2024年で87歳の加山雄三さん。俳優・歌手として活躍し、70代以降は愛船の火災や病に見舞われながらも、ニックネーム「若大将」そのままに人生を駆け抜けています。著書『俺は100歳まで生きると決めた』から一部を抜粋し、加山さんが語る幸福論をご紹介。今回は、芸能界に入った20代の頃について。東宝に入社した翌年から「若大将」シリーズが始まった――
若大将と青大将
1960年、俺は東宝に入った。給料は5万円。電車に乗って成城にある東宝撮影所に通った。俺は、入社した年に三船敏郎さん主演の『男対男』でデビューして、『独立愚連隊西へ』で主演した。
このときに決めた芸名が「加山雄三」だよ。うちのおばあちゃんが占い師に相談してくれてさ。その占い師が10個くらい字画のいい名前を考えてくれた。そのなかから選んだんだ。
「“加”は加賀百万石から。“山”は日本一の富士山から。“雄”は英雄から。“三”は東宝の創業者の小林一三から」
東宝撮影所の柴山胖所長が記者たちに言ってくれた。いいこと言ってくれるなあー、さすがだなあー、と思ったよ。
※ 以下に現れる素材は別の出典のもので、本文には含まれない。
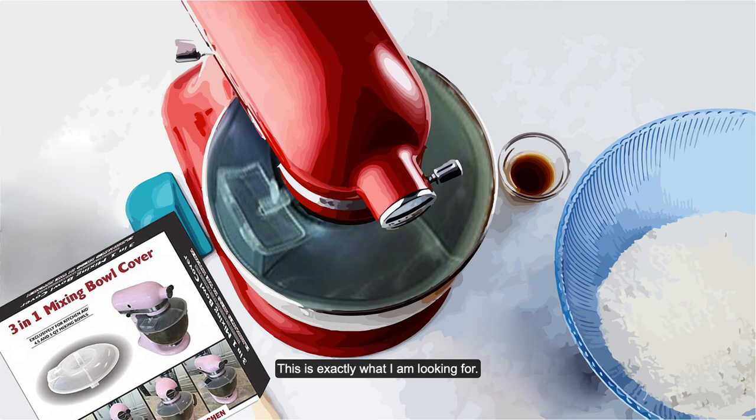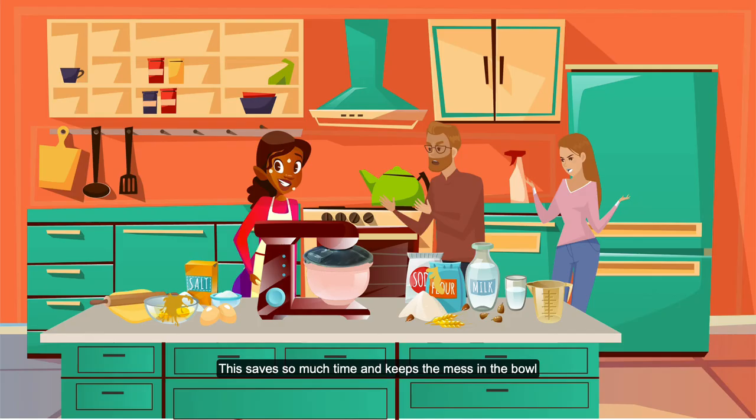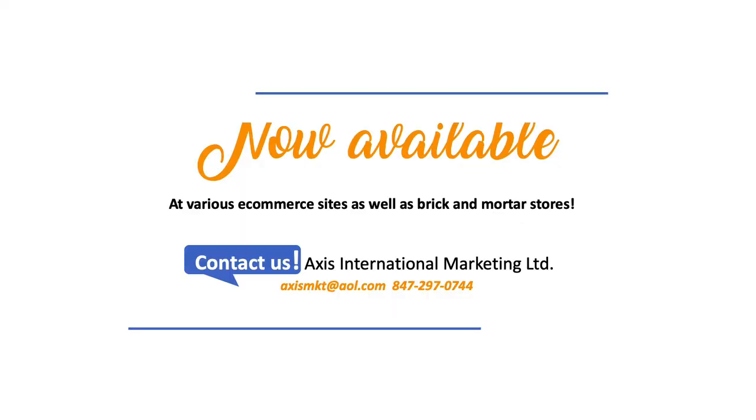Wow, this is exactly what I'm looking for! This saves so much time and keeps the mess in the bowl. I can also add ingredients while mixing and store it with a sealed cover in the refrigerator. Now available.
入社した翌年、1961年からは「若大将」シリーズがスタートした。
発案はプロデューサーの藤本真澄さん。1930年代に松竹の映画で「若旦那」シリーズというのが6作あったんだ。そこからヒントをもらったんだな。若大将シリーズは毎作品俺がなにかスポーツをやるというプランでさ。なにがやれるか聞かれた。映画のなかで、実際にやんなきゃいけないからね。
「まず3本つくるぞ」
藤本さんに言われて、うんざりしたことを覚えているよ。
「3本もやるんですか?」ちょっとふてくされた。
だって、そうだろ。シリーズ作品だからさ。同じ台詞ばかり毎回言わなきゃいけないんだからさ。
第1作の『大学の若大将』では水泳、2作目の『銀座の若大将』では拳闘、3作目の『日本一の若大将』ではマラソンをやった。
これで3作。でも、3つでは終わらなかった。若大将シリーズはヒットしたからね。全部で18本つくった。